■ Task description
Using the records below, give again exactly the lines from the line that contains "Montepulciano & Pecorino Romano" through the line that contains "Instituto Duartiano destituye", both ends included, and only those.

*** Block opens ***

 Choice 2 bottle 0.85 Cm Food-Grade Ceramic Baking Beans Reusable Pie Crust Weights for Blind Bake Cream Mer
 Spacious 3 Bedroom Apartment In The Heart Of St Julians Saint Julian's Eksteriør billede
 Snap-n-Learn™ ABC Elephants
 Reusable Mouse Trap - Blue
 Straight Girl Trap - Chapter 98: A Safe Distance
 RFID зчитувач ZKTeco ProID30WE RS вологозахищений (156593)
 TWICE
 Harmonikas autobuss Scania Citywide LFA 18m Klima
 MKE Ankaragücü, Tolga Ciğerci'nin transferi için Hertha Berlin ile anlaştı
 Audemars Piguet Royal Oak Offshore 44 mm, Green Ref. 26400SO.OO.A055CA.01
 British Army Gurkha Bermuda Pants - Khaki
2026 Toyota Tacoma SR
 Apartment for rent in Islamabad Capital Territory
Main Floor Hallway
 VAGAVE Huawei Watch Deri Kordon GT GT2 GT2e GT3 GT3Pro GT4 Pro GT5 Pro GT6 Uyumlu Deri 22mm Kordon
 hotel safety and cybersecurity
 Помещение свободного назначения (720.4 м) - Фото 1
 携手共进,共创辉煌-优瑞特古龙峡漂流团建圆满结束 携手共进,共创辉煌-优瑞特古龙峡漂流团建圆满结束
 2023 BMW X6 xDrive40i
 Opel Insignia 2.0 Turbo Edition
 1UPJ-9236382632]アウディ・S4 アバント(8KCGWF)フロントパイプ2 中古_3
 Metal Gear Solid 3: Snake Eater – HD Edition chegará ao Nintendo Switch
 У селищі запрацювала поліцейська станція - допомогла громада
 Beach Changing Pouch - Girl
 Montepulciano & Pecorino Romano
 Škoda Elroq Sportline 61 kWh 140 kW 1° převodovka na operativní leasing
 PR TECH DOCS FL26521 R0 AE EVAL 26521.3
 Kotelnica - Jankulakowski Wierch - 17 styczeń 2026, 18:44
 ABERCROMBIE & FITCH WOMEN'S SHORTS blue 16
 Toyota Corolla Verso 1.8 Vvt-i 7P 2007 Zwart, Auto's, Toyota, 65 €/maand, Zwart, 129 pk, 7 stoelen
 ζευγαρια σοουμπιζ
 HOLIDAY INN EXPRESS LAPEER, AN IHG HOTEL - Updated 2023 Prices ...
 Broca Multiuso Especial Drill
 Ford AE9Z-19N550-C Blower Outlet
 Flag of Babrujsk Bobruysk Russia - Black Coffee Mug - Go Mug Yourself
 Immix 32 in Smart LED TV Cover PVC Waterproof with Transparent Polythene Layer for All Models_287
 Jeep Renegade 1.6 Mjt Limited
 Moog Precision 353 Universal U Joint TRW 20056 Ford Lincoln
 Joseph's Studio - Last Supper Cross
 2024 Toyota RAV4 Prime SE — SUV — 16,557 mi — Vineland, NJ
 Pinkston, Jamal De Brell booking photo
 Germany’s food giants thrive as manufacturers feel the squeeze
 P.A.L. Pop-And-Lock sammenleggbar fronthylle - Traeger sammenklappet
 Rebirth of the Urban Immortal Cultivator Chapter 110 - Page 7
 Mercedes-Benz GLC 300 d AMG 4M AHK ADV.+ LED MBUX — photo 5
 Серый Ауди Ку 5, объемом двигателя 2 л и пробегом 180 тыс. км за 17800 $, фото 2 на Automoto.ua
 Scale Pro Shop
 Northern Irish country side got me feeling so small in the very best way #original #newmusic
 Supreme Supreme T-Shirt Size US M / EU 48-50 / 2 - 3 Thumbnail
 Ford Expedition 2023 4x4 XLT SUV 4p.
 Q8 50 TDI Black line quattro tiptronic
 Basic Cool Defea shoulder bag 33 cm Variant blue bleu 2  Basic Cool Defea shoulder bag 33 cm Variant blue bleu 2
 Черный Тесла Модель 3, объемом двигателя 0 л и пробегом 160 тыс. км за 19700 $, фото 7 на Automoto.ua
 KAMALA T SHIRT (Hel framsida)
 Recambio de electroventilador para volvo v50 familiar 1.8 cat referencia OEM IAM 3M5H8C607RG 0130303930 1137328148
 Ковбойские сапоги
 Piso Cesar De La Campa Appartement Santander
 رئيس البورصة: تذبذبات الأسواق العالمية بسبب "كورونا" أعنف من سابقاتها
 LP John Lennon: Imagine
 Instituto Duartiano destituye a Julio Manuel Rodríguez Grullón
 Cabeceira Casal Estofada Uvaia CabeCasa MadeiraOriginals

*** Block closes ***

■ Answer section
 Montepulciano & Pecorino Romano
 Škoda Elroq Sportline 61 kWh 140 kW 1° převodovka na operativní leasing
 PR TECH DOCS FL26521 R0 AE EVAL 26521.3
 Kotelnica - Jankulakowski Wierch - 17 styczeń 2026, 18:44
 ABERCROMBIE & FITCH WOMEN'S SHORTS blue 16
 Toyota Corolla Verso 1.8 Vvt-i 7P 2007 Zwart, Auto's, Toyota, 65 €/maand, Zwart, 129 pk, 7 stoelen
 ζευγαρια σοουμπιζ
 HOLIDAY INN EXPRESS LAPEER, AN IHG HOTEL - Updated 2023 Prices ...
 Broca Multiuso Especial Drill
 Ford AE9Z-19N550-C Blower Outlet
 Flag of Babrujsk Bobruysk Russia - Black Coffee Mug - Go Mug Yourself
 Immix 32 in Smart LED TV Cover PVC Waterproof with Transparent Polythene Layer for All Models_287
 Jeep Renegade 1.6 Mjt Limited
 Moog Precision 353 Universal U Joint TRW 20056 Ford Lincoln
 Joseph's Studio - Last Supper Cross
 2024 Toyota RAV4 Prime SE — SUV — 16,557 mi — Vineland, NJ
 Pinkston, Jamal De Brell booking photo
 Germany’s food giants thrive as manufacturers feel the squeeze
 P.A.L. Pop-And-Lock sammenleggbar fronthylle - Traeger sammenklappet
 Rebirth of the Urban Immortal Cultivator Chapter 110 - Page 7
 Mercedes-Benz GLC 300 d AMG 4M AHK ADV.+ LED MBUX — photo 5
 Серый Ауди Ку 5, объемом двигателя 2 л и пробегом 180 тыс. км за 17800 $, фото 2 на Automoto.ua
 Scale Pro Shop
 Northern Irish country side got me feeling so small in the very best way #original #newmusic
 Supreme Supreme T-Shirt Size US M / EU 48-50 / 2 - 3 Thumbnail
 Ford Expedition 2023 4x4 XLT SUV 4p.
 Q8 50 TDI Black line quattro tiptronic
 Basic Cool Defea shoulder bag 33 cm Variant blue bleu 2  Basic Cool Defea shoulder bag 33 cm Variant blue bleu 2
 Черный Тесла Модель 3, объемом двигателя 0 л и пробегом 160 тыс. км за 19700 $, фото 7 на Automoto.ua
 KAMALA T SHIRT (Hel framsida)
 Recambio de electroventilador para volvo v50 familiar 1.8 cat referencia OEM IAM 3M5H8C607RG 0130303930 1137328148
 Ковбойские сапоги
 Piso Cesar De La Campa Appartement Santander
 رئيس البورصة: تذبذبات الأسواق العالمية بسبب "كورونا" أعنف من سابقاتها
 LP John Lennon: Imagine
 Instituto Duartiano destituye a Julio Manuel Rodríguez Grullón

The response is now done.